====== AVAILABLE DATA ======

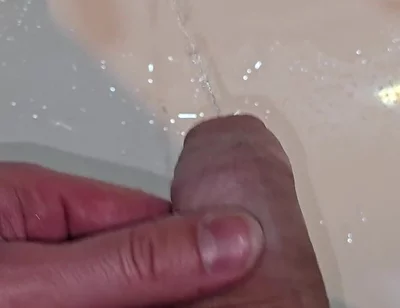 Pissing to the Bathroom Sink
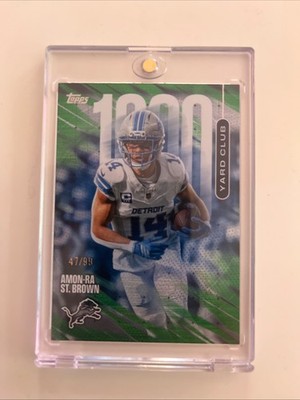 2026 Topps Football Amon-Ra St. Brown 1000 Yard Club Case Hit Green /99 #1YC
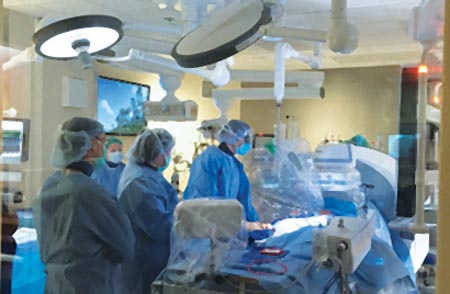 Photo of a surgery taking place in the Hybrid Room at Christian Hospital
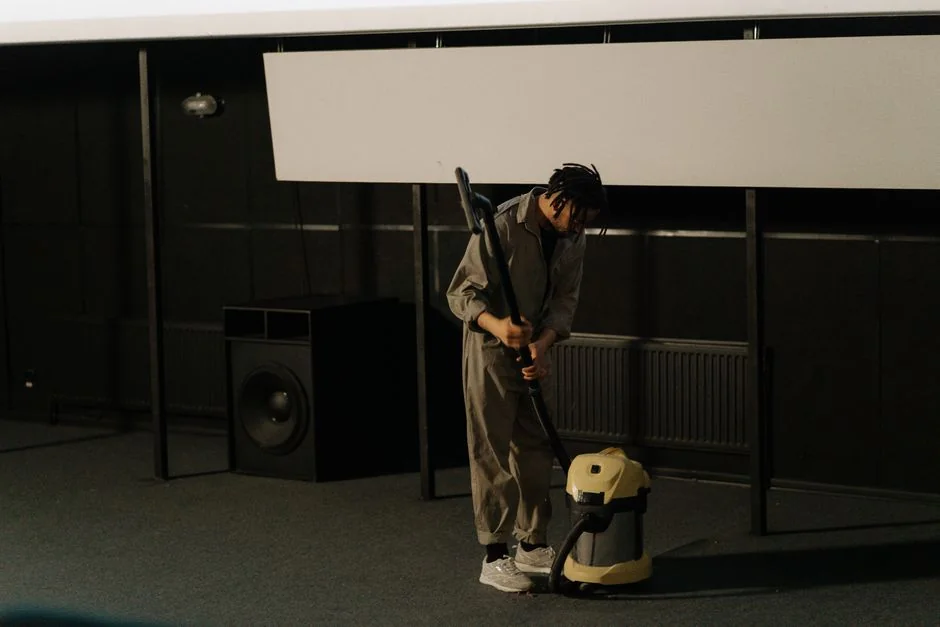 A professional cleaner in protective gear vacuuming the floor in a modern living room.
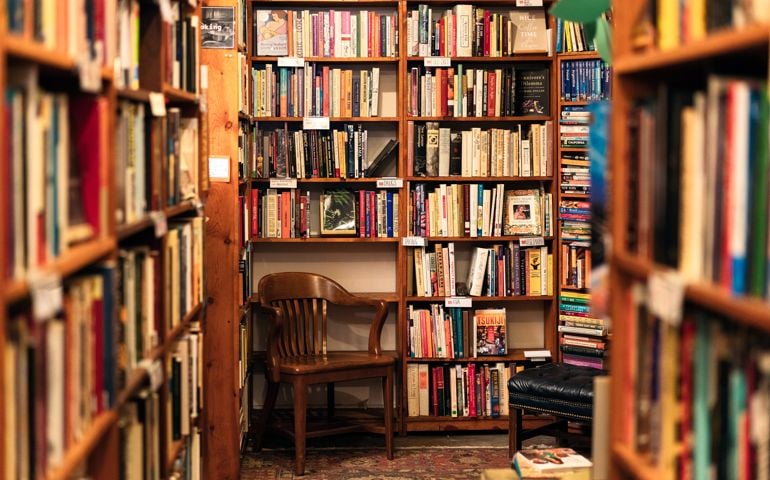 An array of book titles under a variety of category headings on bookshelves above a wooden chair in the corner of a San Francisco second-hand bookstore.
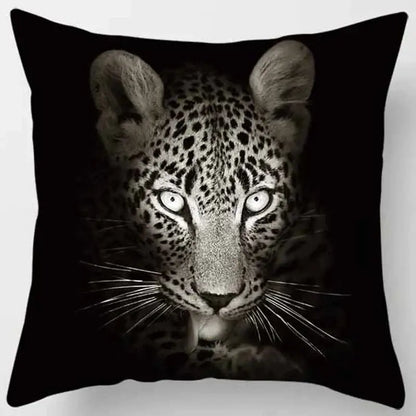 Black throw pillow case from decorbites animals world featuring a black and white leopard face with glowing eyes for living room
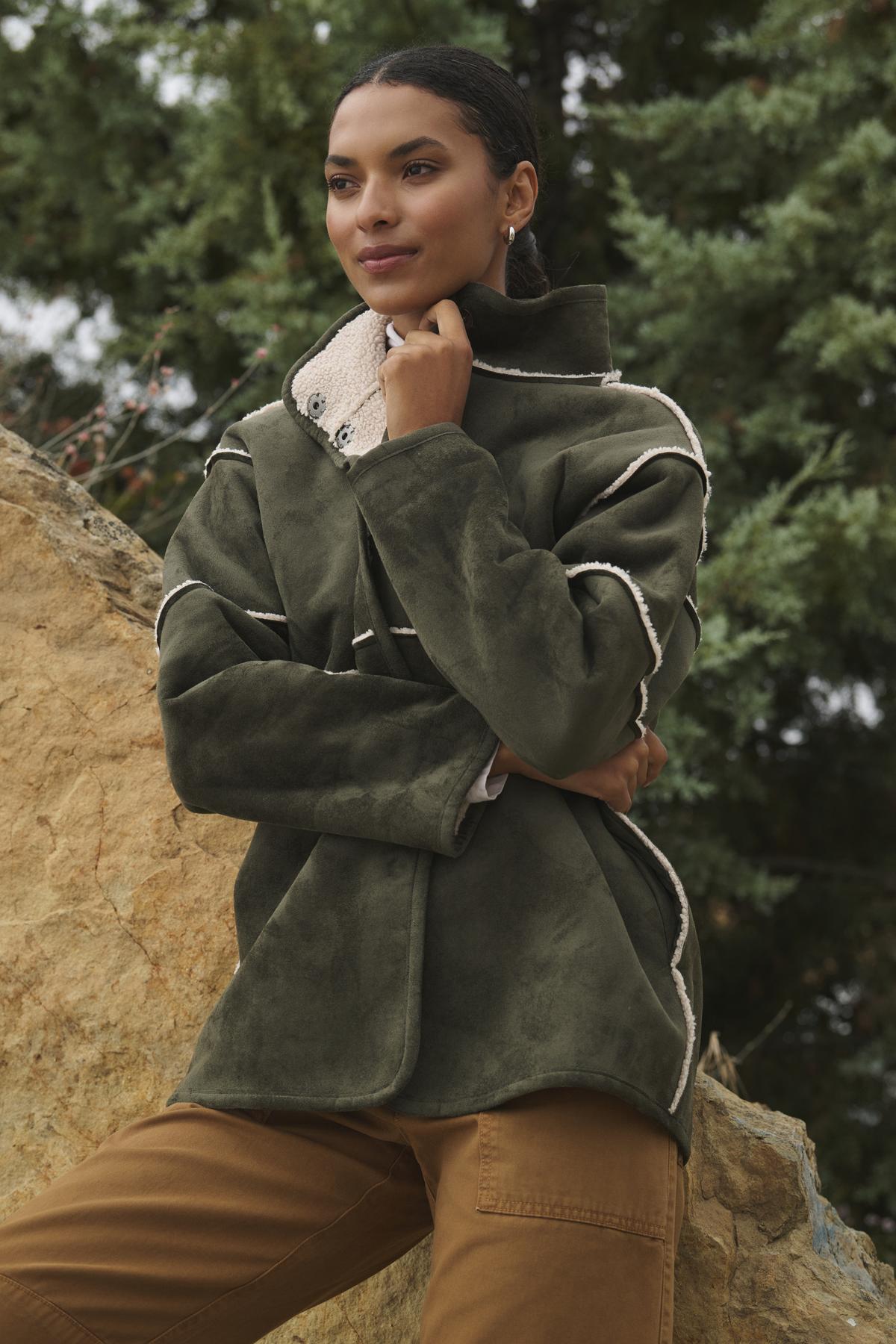 A person wearing the ALBANY LUXE SHERPA REVERSIBLE JACKET by Velvet by Graham & Spencer, featuring eco-friendly faux sherpa lining, stands outdoors, leaning against a rock with trees in the background.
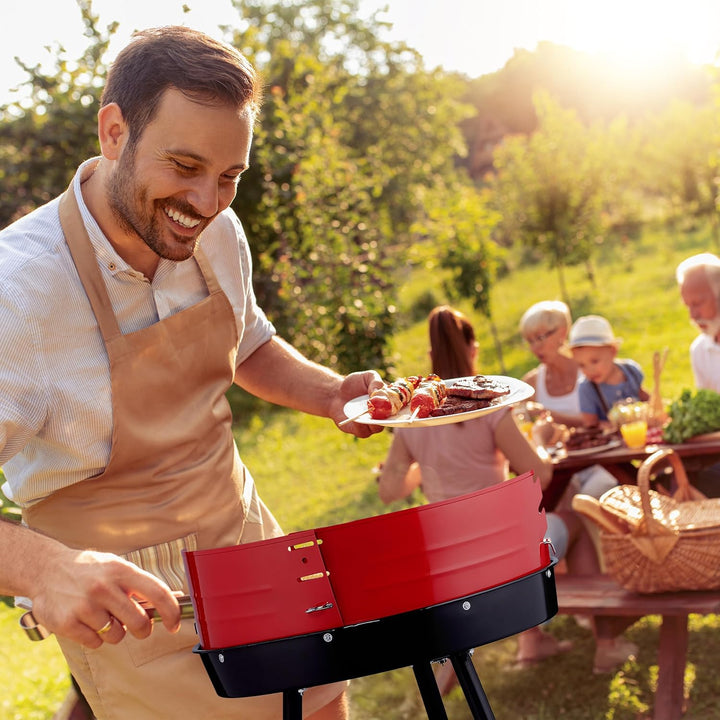 Relaxdays Holzkohlegrill mit Rollen, Ø 42 cm, Picknickgrill Garten & Park, Griller, Windschutz, Rund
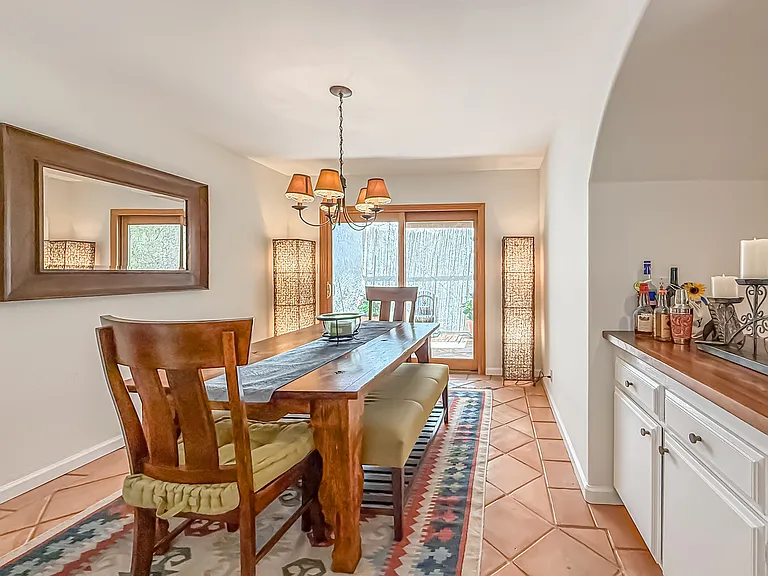 Formal dining area with bar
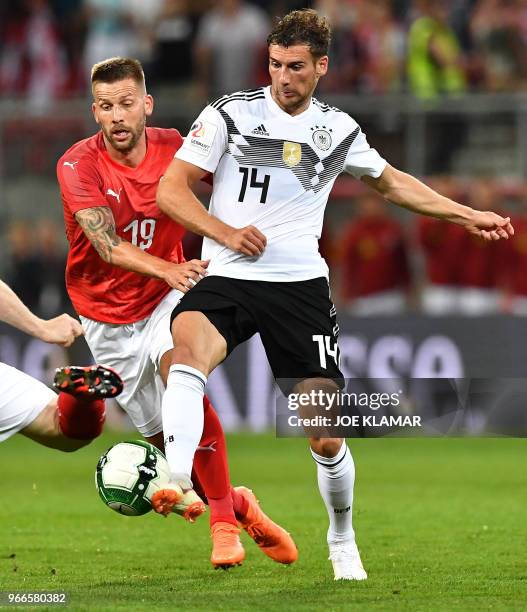 Germany's Leon Goretzka and Guido Burgstaller vie for a ball during the international friendly footbal match Austria versus Germany in Klagenfurt,...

======

Where the line containing "An array of" appears, begin writing out the lines word for word, and continue through the last line of the data, leaving out pictures.

- REPLY:
 An array of book titles under a variety of category headings on bookshelves above a wooden chair in the corner of a San Francisco second-hand bookstore.
 Black throw pillow case from decorbites animals world featuring a black and white leopard face with glowing eyes for living room
 A person wearing the ALBANY LUXE SHERPA REVERSIBLE JACKET by Velvet by Graham & Spencer, featuring eco-friendly faux sherpa lining, stands outdoors, leaning against a rock with trees in the background.
 Relaxdays Holzkohlegrill mit Rollen, Ø 42 cm, Picknickgrill Garten & Park, Griller, Windschutz, Rund
 Formal dining area with bar
 Germany's Leon Goretzka and Guido Burgstaller vie for a ball during the international friendly footbal match Austria versus Germany in Klagenfurt,...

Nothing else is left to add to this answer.